To maximise the effectiveness of AI tools in health services, it is essential to ensure not only the generation of the necessary amount of data but also the ‘right’ kind of data.
Healthcare data is frequently highly fragmented, stored in silos, captured in inconsistent formats, and are often unstructured particularly within clinical notes. Ensuring systems are in place to generate high-quality, well-annotated datasets and consolidating these for training and validating AI models is critical. Moreover, ongoing efforts to digitise NHS care as part of the NHS 10-year plan is an important step towards enabling AI integration in the health service. It is important to acknowledge that for some services, IT infrastructure is still very basic, making AI integration feel like a distant future.
Case study: GE Edison Health Services Platform
A promising model is the GE Edison Health Services platform, developed by GE Healthcare, the University of Cambridge and Addenbrooke’s Hospital. This AI-enhanced platform integrates clinical, imaging, and genomic data into a single interface for multidisciplinary teams to simultaneously view a patient’s profile and co-develop personalised treatment strategies.
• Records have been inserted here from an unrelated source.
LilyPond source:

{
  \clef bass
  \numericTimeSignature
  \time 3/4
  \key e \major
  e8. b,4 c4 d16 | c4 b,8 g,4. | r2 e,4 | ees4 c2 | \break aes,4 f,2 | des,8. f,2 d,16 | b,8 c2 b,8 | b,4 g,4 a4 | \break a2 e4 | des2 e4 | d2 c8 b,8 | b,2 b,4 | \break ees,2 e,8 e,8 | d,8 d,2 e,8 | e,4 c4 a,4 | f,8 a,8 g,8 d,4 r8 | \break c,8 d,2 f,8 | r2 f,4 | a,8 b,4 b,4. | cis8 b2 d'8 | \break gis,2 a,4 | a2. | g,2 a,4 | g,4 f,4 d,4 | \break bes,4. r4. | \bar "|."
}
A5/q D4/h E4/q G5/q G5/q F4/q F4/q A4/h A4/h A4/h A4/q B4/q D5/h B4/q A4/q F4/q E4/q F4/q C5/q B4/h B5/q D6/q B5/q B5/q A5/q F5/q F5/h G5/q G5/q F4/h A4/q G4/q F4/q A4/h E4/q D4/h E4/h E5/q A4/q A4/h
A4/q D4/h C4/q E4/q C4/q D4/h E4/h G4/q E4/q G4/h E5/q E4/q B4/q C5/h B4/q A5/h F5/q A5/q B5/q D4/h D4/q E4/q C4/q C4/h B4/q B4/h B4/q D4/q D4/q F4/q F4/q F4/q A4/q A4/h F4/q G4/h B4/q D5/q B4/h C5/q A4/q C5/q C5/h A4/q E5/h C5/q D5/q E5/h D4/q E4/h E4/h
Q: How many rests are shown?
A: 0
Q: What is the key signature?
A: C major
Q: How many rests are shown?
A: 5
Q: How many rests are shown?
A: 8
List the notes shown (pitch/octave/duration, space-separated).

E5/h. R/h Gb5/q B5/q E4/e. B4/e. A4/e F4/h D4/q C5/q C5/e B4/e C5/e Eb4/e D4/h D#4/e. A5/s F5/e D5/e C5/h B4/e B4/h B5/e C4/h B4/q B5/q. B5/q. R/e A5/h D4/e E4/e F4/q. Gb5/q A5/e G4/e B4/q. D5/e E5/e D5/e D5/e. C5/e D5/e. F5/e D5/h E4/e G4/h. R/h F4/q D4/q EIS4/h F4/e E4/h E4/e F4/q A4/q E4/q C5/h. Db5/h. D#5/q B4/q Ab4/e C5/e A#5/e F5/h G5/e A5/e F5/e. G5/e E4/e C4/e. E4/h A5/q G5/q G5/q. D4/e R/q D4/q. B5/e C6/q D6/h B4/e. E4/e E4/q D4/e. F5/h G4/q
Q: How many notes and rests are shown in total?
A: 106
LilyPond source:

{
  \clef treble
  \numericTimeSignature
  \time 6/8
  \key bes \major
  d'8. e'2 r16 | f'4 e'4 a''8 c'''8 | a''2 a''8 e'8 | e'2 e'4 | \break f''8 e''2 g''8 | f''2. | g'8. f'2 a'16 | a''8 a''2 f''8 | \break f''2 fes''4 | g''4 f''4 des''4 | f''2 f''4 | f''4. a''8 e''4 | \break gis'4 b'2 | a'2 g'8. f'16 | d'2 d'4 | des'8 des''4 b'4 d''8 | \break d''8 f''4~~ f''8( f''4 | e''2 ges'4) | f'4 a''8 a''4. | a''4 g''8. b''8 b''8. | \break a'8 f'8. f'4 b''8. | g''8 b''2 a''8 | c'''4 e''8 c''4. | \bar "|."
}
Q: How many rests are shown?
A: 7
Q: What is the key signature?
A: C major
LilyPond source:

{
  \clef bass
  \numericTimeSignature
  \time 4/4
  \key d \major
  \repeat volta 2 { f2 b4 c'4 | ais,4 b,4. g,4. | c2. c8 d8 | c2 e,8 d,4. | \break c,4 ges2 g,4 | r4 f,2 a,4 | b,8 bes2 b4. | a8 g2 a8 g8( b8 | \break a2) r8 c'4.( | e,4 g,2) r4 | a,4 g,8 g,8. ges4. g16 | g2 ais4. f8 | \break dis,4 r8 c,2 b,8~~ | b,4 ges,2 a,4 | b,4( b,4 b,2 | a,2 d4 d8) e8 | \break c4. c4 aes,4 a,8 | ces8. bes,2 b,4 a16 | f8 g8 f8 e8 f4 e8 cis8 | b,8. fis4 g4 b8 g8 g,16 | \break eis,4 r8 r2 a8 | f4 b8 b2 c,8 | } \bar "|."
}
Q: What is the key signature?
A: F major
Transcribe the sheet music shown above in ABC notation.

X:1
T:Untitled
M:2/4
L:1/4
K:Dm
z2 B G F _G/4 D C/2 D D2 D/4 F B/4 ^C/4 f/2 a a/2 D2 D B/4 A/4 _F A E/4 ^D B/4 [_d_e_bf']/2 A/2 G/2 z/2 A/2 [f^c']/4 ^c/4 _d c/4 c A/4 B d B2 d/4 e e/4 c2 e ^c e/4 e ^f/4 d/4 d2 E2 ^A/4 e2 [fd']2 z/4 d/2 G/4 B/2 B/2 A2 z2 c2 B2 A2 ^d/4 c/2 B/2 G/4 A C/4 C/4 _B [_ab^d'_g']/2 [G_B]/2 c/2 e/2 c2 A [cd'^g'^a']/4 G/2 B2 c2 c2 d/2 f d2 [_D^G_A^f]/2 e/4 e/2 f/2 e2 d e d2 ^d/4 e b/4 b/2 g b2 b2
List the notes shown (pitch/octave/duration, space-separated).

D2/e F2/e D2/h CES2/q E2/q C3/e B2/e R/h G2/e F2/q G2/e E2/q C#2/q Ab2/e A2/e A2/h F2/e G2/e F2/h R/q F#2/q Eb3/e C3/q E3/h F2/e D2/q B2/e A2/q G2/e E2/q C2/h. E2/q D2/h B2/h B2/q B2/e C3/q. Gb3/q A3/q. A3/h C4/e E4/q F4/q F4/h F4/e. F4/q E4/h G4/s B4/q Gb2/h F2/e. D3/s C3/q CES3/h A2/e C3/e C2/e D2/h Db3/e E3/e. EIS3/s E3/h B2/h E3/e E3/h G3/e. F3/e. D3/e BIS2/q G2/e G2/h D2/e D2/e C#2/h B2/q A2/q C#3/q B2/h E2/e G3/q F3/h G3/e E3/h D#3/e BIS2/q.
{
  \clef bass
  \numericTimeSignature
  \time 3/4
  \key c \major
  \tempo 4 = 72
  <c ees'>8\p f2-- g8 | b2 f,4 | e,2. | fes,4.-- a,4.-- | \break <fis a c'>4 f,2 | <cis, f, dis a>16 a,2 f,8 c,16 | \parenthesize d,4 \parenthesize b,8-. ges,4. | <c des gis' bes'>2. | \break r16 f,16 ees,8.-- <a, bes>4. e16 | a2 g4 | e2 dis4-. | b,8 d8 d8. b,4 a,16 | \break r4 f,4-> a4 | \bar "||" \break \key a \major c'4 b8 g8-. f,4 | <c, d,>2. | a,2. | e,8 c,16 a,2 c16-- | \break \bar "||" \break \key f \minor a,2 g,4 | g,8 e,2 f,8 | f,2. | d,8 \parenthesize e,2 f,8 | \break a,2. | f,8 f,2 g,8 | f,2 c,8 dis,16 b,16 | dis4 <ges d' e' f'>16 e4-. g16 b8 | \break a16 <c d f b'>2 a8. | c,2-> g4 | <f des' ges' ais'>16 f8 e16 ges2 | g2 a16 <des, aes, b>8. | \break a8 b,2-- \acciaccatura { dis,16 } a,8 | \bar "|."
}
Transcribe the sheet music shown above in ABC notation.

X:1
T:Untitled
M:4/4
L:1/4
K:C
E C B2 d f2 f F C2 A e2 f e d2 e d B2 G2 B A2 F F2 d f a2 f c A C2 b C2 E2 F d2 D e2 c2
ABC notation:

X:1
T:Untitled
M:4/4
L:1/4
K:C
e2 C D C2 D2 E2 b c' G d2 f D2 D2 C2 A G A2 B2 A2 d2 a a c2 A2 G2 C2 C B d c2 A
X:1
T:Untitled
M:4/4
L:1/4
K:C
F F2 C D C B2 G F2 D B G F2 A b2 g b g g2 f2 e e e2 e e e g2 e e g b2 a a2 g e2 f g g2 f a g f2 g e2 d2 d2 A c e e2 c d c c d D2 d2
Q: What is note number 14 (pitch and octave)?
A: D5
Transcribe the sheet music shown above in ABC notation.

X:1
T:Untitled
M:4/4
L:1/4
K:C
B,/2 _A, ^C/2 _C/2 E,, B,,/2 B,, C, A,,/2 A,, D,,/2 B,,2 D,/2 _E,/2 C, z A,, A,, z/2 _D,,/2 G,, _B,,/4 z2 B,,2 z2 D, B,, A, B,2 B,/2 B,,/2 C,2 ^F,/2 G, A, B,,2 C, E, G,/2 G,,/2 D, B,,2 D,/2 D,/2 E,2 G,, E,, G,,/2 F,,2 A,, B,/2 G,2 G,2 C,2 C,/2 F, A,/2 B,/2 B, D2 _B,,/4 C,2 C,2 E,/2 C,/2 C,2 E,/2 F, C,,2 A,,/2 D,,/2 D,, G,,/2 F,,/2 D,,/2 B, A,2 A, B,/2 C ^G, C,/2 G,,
This collaboration produced the Integrated Radiogenomics for Ovarian neoadjuvant therapy (IRON) tool, since renamed CareIntellect for Oncology (CI4O). This tool predicts ovarian cancer treatment outcomes with ~80% accuracy by combining radiomics, genomics, blood tests, and EHRs. It could demonstrate the power of a multiomic approach, however, clinical deployment is still pending beyond this proof-of-principle study. CI4O is currently connected to Cambridge University Hospitals’ EHR via a cloud server and its functionality is being evaluated.
Powerful tools, such as GE Edison Health Services platform, described above, must be used responsibly. Clinical AI models need to be transparent and interpretable models (white-box) so clinicians can understand how a conclusion was reached. AI in healthcare should be a collaborator, not a replacement for human decision-making.
Where white-box models are not possible, there must be sufficient confidence in the models such that regulators and clinicians are assured that the AI is functioning safely and effectively for its intended purpose. It is likely to be important that explanations can be provided about how an AI tool reached its conclusion and that a human can scrutinise aspects of its processing.
Multiomics in clinics
Multiomic approaches hold great promise for improving diagnostic yield. This is especially true for cases where simple, single-omic-based biomarkers do not exist. Decisions about which multiomic analyses should be implemented in clinical settings must be guided by clinical need, not by the availability of technology/research. Innovation in this space should be problem-driven, not research/technology-led.
The role of genomics
Genomics, as the most mature omic discipline with proven clinical impact, is often seen as central to multiomics, providing the biological foundation and translational model for other omic modalities. But does giving it a dominant role risk constraining the development of other omic disciplines? Treating genomics as the blueprint can overlook the distinct data characteristics and utility of transcriptomics, proteomics, and metabolomics. A truly multiomic approach, therefore, requires assigning equal or context-specific value to each dataset.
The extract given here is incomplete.